長年にわたり繰り広げられてきた真贋論争に、いよいよ終止符が――。
その「トリノの聖骸布」と呼ばれる布は、1353年にフランスのリレで発見された、縦4.35メートル、横1.1メートルのリンネル。イエス・キリストの遺体を包んだとされる、通称「トリノの聖骸布」だ。
その後、1453年にサヴォイ家の手に渡り、トリノに移った後、1983年にサヴォイ家からローマ教皇に所有権が譲渡された。

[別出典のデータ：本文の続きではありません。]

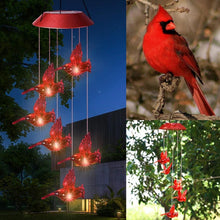 Load image into Gallery viewer, LED Solar Hummingbird Wind Chime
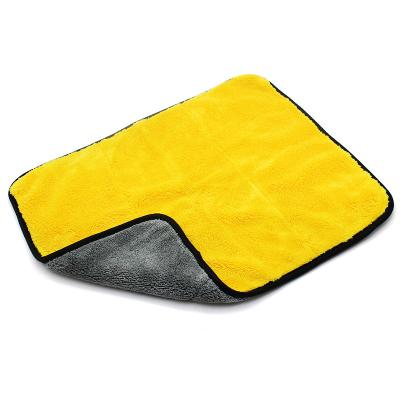 China Car Wash 30*30CM Microfiber Towel Car Cleaner Drying Cloth Hemming Car Washing Towel Auto Wash for sale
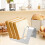 Stainless Steel Bread Cooling Rack with Multi Grid Design, Non Stick Rectangular Toast Holder 5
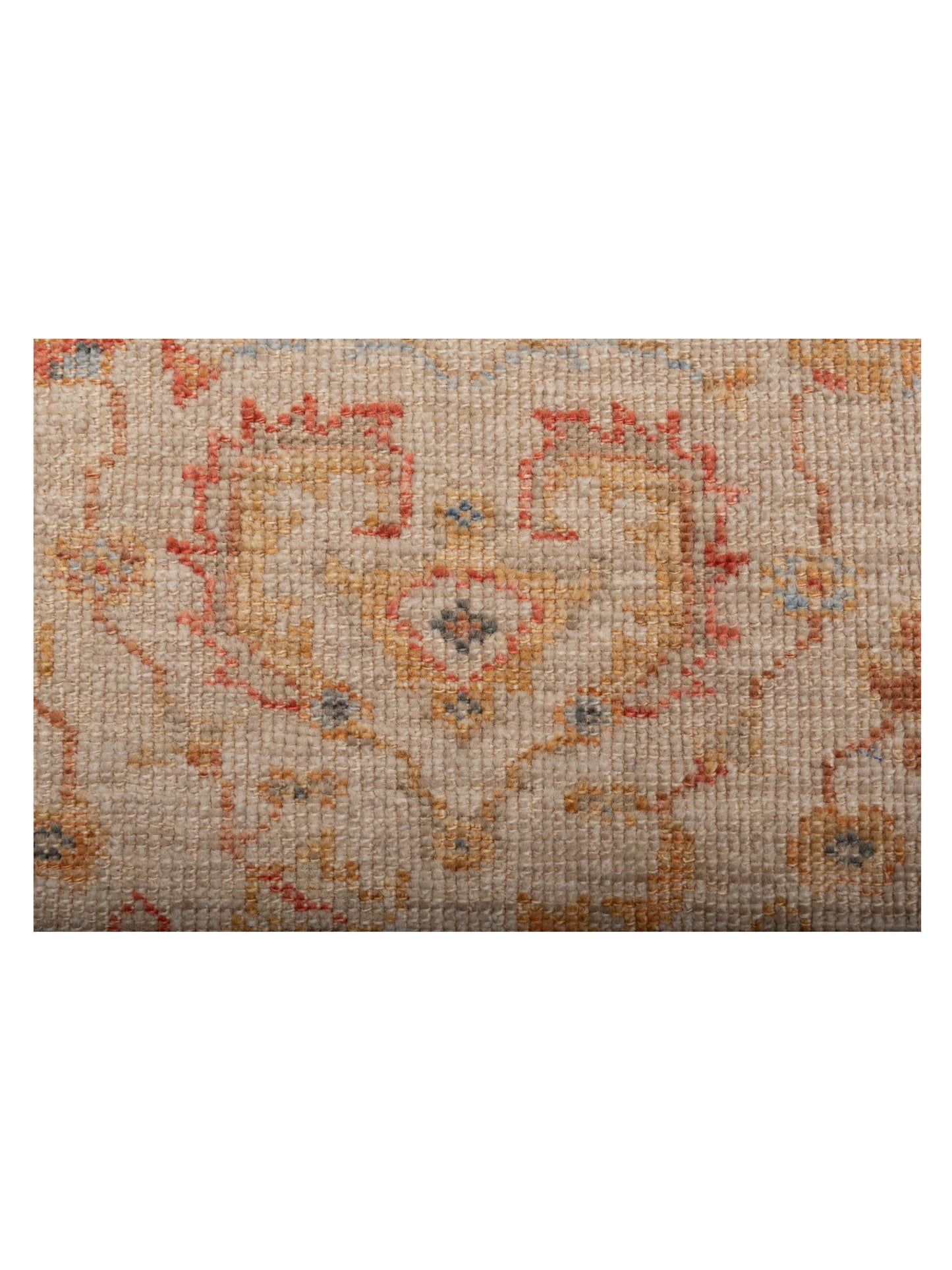 Angora Oushak 146506 Ivory Ivory 2.7x11.11 Hand Knotted Rug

現在はトリノ大司教の管理下に置かれている。
数十年にわたり、多種多様な科学的調査が行われてきたにもかかわらず、布がいつの時代に作られ、本当にイエスが纏ったものなのか、その真偽は長い間、ハッキリしなかった。宗教ジャーナリストが語る。
「1988年には聖骸布の一部をサンプルとして、3つ研究所で放射性炭素年代鑑定が行われました。その結果、布が製造された時期は1260年から1390年の間、つまり中世の時代だとされ、イエスの遺体を包んだという説はもろくも崩れ去ってしまったのです」
ただ、科学者らによれば、リンネルの布を放射性炭素で年代測定することは極めて難しく、さらに鑑定に使用された布が長期間、煙などにさらされたこと、また修復された部分がある可能性があるため、当初から放射性炭素年代測定には批判的な意見が多かったという。

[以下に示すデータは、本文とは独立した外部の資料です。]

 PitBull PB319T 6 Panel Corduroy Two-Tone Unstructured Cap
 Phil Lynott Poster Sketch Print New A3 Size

そこで2013年、改めてDNA鑑定やCTを用いた詳細な鑑定を実施。すると今度は前回の鑑定を覆す、この布が紀元前33年頃のものであるとの結果が出たのである。鑑定にあたった科学者からは「布から分析した人間の手、首、足には貫通した跡があり、遺体は180センチの男性」との推定が出されたことで俄然、本物である可能性が高まった。とはいえ、これまた鑑定結果に懐疑的な科学者は多く、見解は真っ二つに分かれることに。
そんな中、今度はイタリアの研究者らが広角X線技術(WAXS)を用い、リンネルのセルロースの自然な劣化を測定。布の製造時期特定を行ったところ、イスラエルで発見された1世紀のリネン布と互換性があると判明したのである。さらにはヨーロッパに運ばれる前の約13世紀にわたり、温度約23度、相対湿度55%で保管されていたことまでもが、明らかになった。
科学者らはこの研究結果を「Heritage」誌に発表。英「デイリー・メール」紙などでも大々的に報じられ、バチカン関係者らは歓喜の声を上げたのだった。
その後、バチカン教皇庁が配信する「バチカンニュース」ドイツ語版で「トリノの聖骸布」が本物だとの最新測定結果が発表されている。